Весьма возможно, что с любовью Наполеона к польке действительно первоначально связывали определенные политические чаяния. Весьма возможно, что сопротивление камергерши действительно сламывали патриотическим шантажом. Но трудно поверить, что выглядело это именно так, как в рассказе Валевской, переданном нам Орнано и (с незначительными отличиями) Массовом.
Рассказ Валевской мог быть с полным доверием принят французскими интерпретаторами ее воспоминаний, но польский биограф вынужден отнестись к ним недоверчиво и с подозрением. Прежде всего потому, что одно отношение к фавориткам монархов было во Франции и другое – в Польше. Во Франции, в соответствии с многовековой традицией, фаворитка короля была общепризнанным политическим институтом. Любовница Людовика XV мадам Помпадур свергала правительства, принимала послов, отдавала приказания полководцам, вела переговоры с европейскими монархами. У ее преемницы, мадам Дюбарри, сидели в передних министры и епископы, а коронованные гости при версальском дворе считали своим долгом наносить ей визиты вежливости.

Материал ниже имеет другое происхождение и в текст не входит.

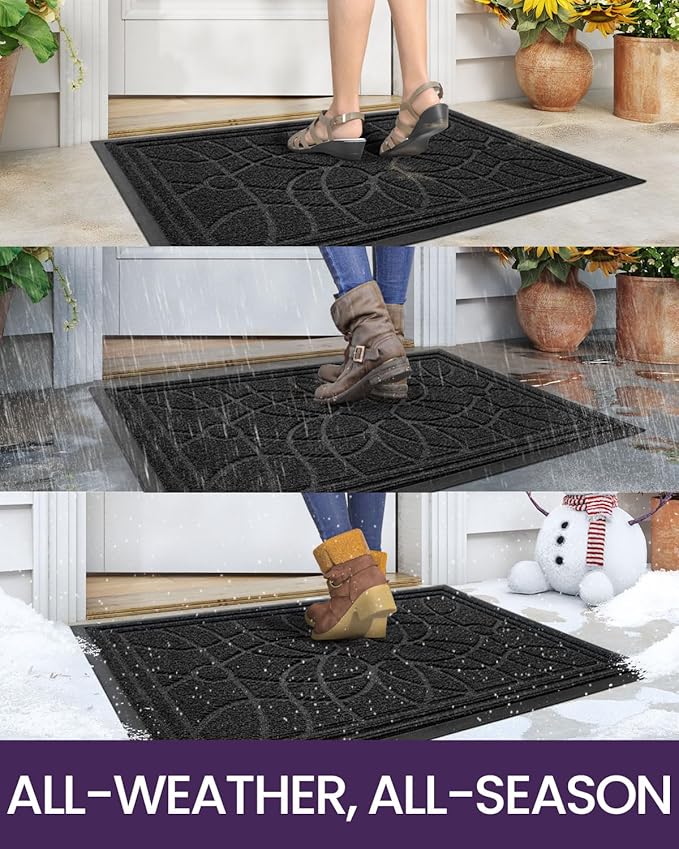 DEXI Front Door Mat Outside Entrance, Heavy Duty Non Slip Low Profile Doormat for Entryway, Trap Dirt and Moisture Welcome Mats, Easy Clean, Patio, Garage, 17x29, Black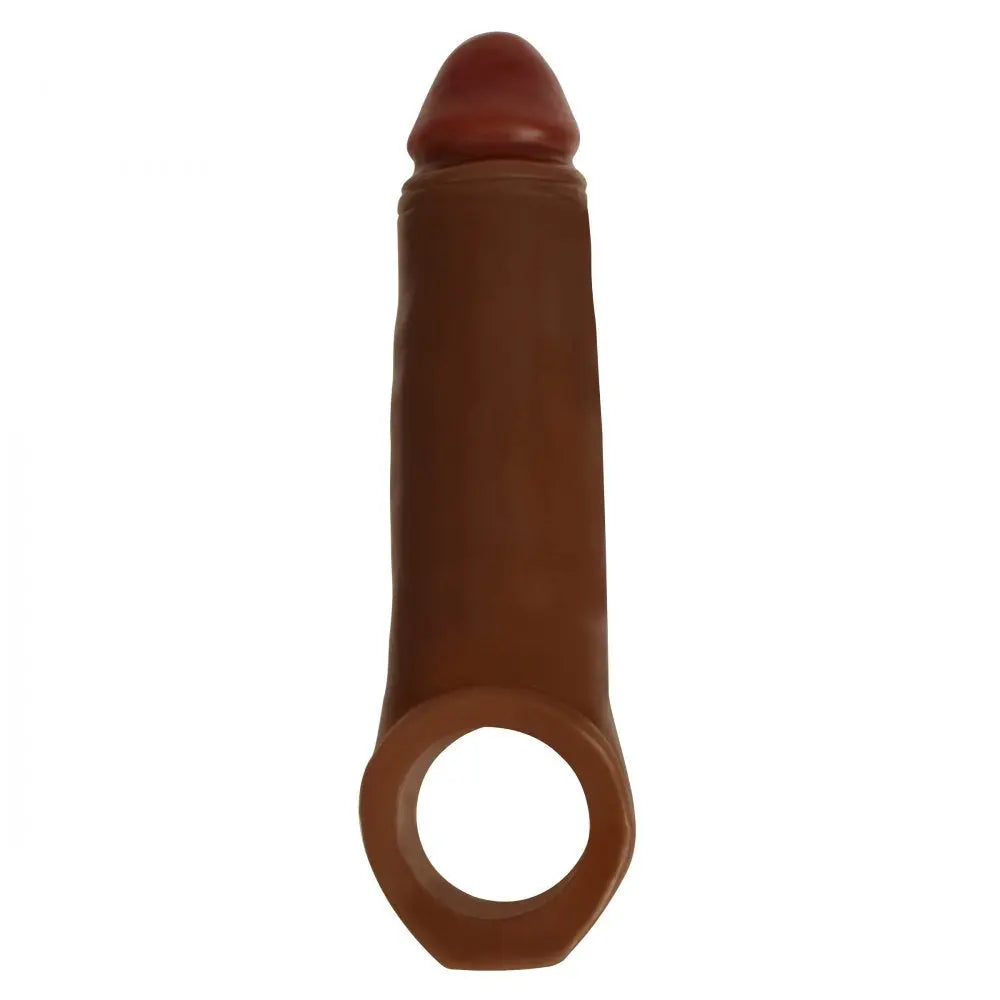 2 Inch Penis Enhancer with Ball Strap - Brown Cock Sleeve Penis Extenders and Sleeves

В Польше дело выглядело несколько иначе. Фаворитка монарха была его личной слабостью, стыдливо укрываемой от мира. Она не оказывала влияния на политическую жизнь и не выступала официально. К ее протекции охотно прибегали, но делали это скрытно, как пользуются протекцией доверенного лакея. Если ее и принимали в свете, то только как чью-нибудь официальную жену, интимные отношения ее с государем оставались по молчаливому уговору тайной. Даже известная пани Грабовская, многолетняя сожительница последнего польского короля Станислава-Августа, чьи дети от короля воспитывались в королевском дворце, хотя их происхождение всегда приписывали бедному генералу Грабовскому. Фавориток, не оберегаемых хотя бы видимостью легальности, повсюду считали обычными распутницами. Это была глубоко укоренившаяся традиция. Читатели моей книги «Племянник короля» помнят, как дерзко поступил со всемогущей мадам Дюбарри молодой князь Станислав Понятовский.